Friday, January 20, 2006

i am wallowing

i get more uncomfortable as the day wears on. mornings are always full of optimism, laziness, fresh-from-the-showerness. around 4, when it starts to get dim, is when i start to feel Really Fucking Alone. cars clog the roadways. people chat happily into cell phones. couples walk in step. i wait for the bus (which is so fucking late that i end up taking another route) in front of the bookstore, reading from a 50 cent copy of "the almanac of lists", not feeling like a local or a visitor, just rudderless and rather pathetic. an extremely inebriated gay couple (one about 20 years older than the other) got on the bus after me. they had been making out fervently, which was somehow more tolerable than seeing a heterosexual couple do the same; they reeked of alcohol and pocketed cigarette butts and proceeded to sing without syllables most of the way to the u-district. and i am reminded: oh yeah, it's friday night, date night, drink night, go home and fuck night, except for silly people like me with screwy work schedules and fucked up relationships and no friends nearby. i am feeling sorry for myself in a rather detached way. i would love to meet up with someone and get absolutely wrecked right now. or: simply have an actual friend here. that would probably be a bit healthier.

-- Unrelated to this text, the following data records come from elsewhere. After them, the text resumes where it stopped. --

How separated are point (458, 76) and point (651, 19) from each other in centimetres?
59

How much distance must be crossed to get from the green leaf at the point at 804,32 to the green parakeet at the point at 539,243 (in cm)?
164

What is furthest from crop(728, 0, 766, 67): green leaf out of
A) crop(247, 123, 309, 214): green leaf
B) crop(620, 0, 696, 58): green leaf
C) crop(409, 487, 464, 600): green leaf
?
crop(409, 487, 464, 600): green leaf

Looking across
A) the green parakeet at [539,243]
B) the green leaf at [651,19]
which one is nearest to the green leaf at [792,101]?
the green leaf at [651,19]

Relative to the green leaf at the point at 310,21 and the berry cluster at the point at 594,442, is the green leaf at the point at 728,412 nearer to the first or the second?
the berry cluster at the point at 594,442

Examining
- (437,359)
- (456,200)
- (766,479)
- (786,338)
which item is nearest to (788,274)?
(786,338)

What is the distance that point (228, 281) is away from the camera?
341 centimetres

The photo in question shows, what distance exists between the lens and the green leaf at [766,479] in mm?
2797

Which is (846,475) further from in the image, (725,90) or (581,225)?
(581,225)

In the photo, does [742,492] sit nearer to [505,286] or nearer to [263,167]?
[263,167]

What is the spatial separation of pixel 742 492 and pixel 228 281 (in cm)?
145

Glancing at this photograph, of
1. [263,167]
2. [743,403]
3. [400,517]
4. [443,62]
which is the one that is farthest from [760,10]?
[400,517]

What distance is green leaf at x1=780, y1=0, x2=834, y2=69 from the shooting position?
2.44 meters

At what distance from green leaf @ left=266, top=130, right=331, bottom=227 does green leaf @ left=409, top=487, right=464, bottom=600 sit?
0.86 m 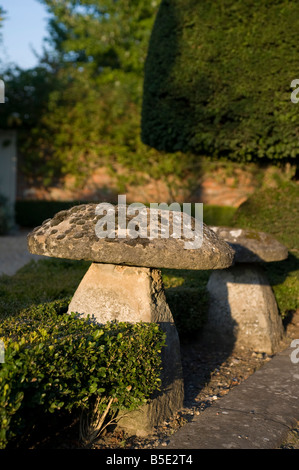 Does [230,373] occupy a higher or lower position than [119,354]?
lower

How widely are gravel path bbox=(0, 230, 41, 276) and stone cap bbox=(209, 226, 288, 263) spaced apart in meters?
4.11

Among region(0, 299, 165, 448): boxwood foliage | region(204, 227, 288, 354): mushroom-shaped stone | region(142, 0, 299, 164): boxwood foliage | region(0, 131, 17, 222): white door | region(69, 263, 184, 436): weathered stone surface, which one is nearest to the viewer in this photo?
region(0, 299, 165, 448): boxwood foliage

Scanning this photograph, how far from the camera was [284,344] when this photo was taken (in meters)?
5.40

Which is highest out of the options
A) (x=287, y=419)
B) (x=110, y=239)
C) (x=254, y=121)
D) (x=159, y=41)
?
(x=159, y=41)

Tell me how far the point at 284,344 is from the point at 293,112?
3.50 meters

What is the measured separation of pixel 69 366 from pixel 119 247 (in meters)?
0.76

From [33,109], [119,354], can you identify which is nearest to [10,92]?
[33,109]

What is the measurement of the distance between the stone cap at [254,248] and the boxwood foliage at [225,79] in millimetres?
2641

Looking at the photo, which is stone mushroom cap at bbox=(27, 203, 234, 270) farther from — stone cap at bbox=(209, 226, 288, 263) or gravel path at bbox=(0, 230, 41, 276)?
gravel path at bbox=(0, 230, 41, 276)

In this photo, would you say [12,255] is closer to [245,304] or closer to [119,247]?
[245,304]

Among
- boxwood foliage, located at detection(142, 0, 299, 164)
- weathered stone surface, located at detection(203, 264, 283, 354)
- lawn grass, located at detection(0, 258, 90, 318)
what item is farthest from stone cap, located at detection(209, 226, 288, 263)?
boxwood foliage, located at detection(142, 0, 299, 164)

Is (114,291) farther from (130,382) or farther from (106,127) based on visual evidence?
(106,127)

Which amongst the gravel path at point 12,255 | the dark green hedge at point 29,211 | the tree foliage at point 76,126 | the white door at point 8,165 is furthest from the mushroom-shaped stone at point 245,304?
the white door at point 8,165

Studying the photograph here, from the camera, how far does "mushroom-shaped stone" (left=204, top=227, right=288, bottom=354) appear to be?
5.21 metres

when i last lived in seattle i was friends with the people i worked with. we were all of the same general age and hedonisms. but then i was in a relationship, and my free time was better spent with him, and as he often reminded me, 'people you work with don't give a shit about you. do you think they'll remember you when you;re gone?' because i was In Love (and because i am an insecure dumbass by nature) i believed him. i didn't stay in touch with anyone after i left and tended to push them away while i was here. now i am back, wondering where everyone is, realizing that 3 years have passed and their lives have evolved. i am disgusted by how easily, how thoroughly, i tend to sabotage my life whenever i'm involved with somebody. no wonder i end up resenting them. afterwards, now, i am left with a weirdly blank slate and a stunted view of how everything is.